It is also important to identify the characteristics of the questions that ChatGPT responds well to, enabling users to learn how to phrase their questions to receive better responses. Although previous studies suggested using a ChatGPT response validation tool 30 and fine-tuning with cancer guidelines, 31 there is a lack of research assessing the characteristics of questions that elicit high-quality answers.
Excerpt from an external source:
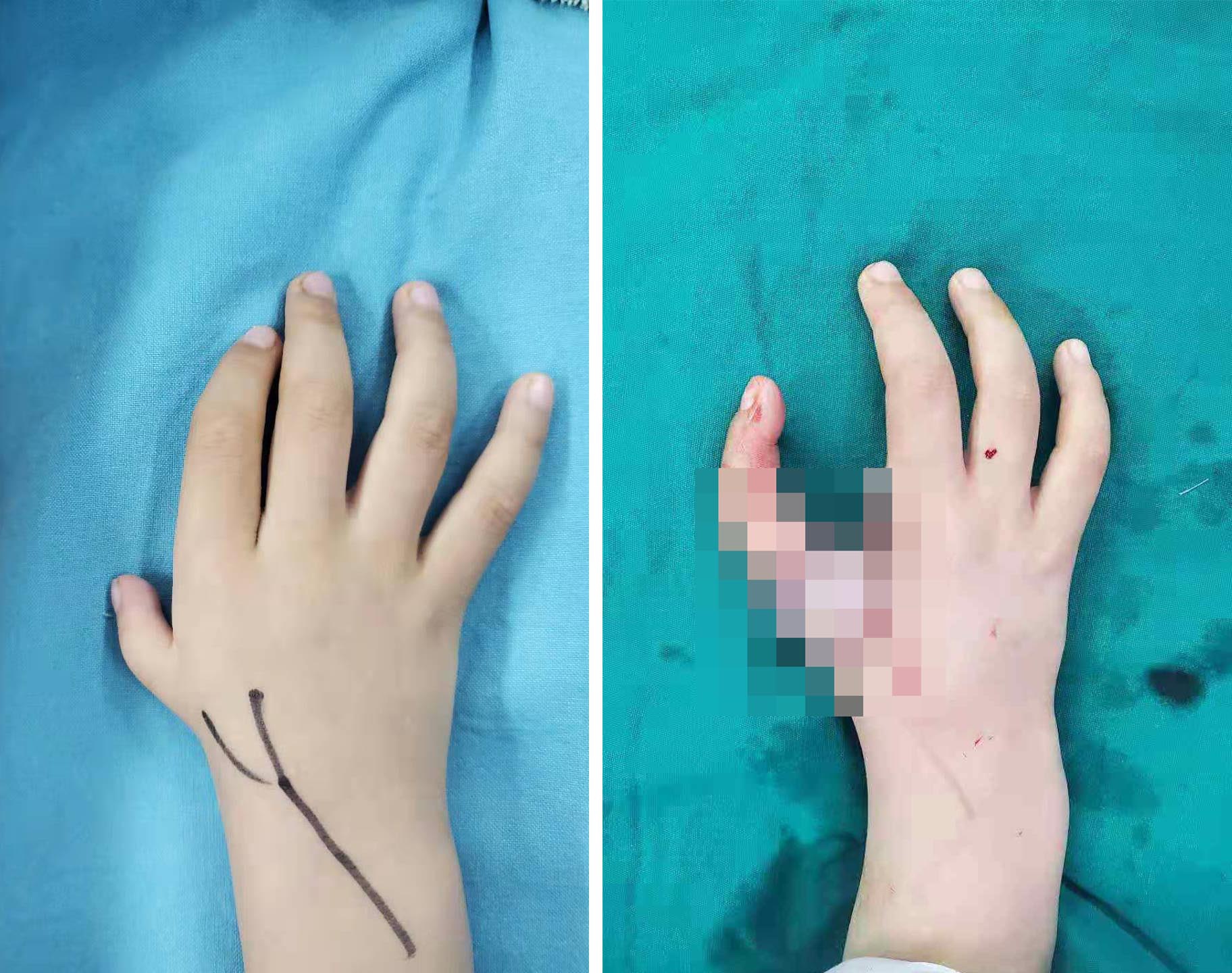 手术前（左）和手术后（右）  上海儿童医院供图 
This study aimed to assess ChatGPT's capacity to provide information in response to diet-related questions. We considered dietitians’ responses as a gold standard and compared the responses of human dietitians with those of ChatGPT to diet-related questions from an online Q&A forum. We specifically focused on the similarities between the responses from dietitians and ChatGPT and the characteristics of questions that resulted in human expert-like ChatGPT responses.
Methods
Data source
We collected diet-related questions posted on Naver Knowledge-iN, an online Q&A platform with a database of nearly 970 million questions and answers, with over 100 million questions and answers uploaded only in 2023, operated by Naver (as of December 8, 2023). 32 Naver is the leading portal site in the Republic of Korea, accounting for 58.14% of the search engine share and capturing 65.63% of the health/medical-related searches in 2024. 33 On Naver Knowledge-iN, users can post questions across various fields, and anyone can provide answers. Experts who wish to contribute to the online Q&A platform can submit proof of their qualification, such as a dietitian license, to Naver Knowledge-iN. Once reviewed, qualified individuals are designated as experts and listed accordingly. Responses from experts in relevant fields are distinguished from those of general users by special marks. These marks help questioners determine the credibility of the responses. For diet-related questions in nutrition and weight management categories, only registered dietitians are listed as experts.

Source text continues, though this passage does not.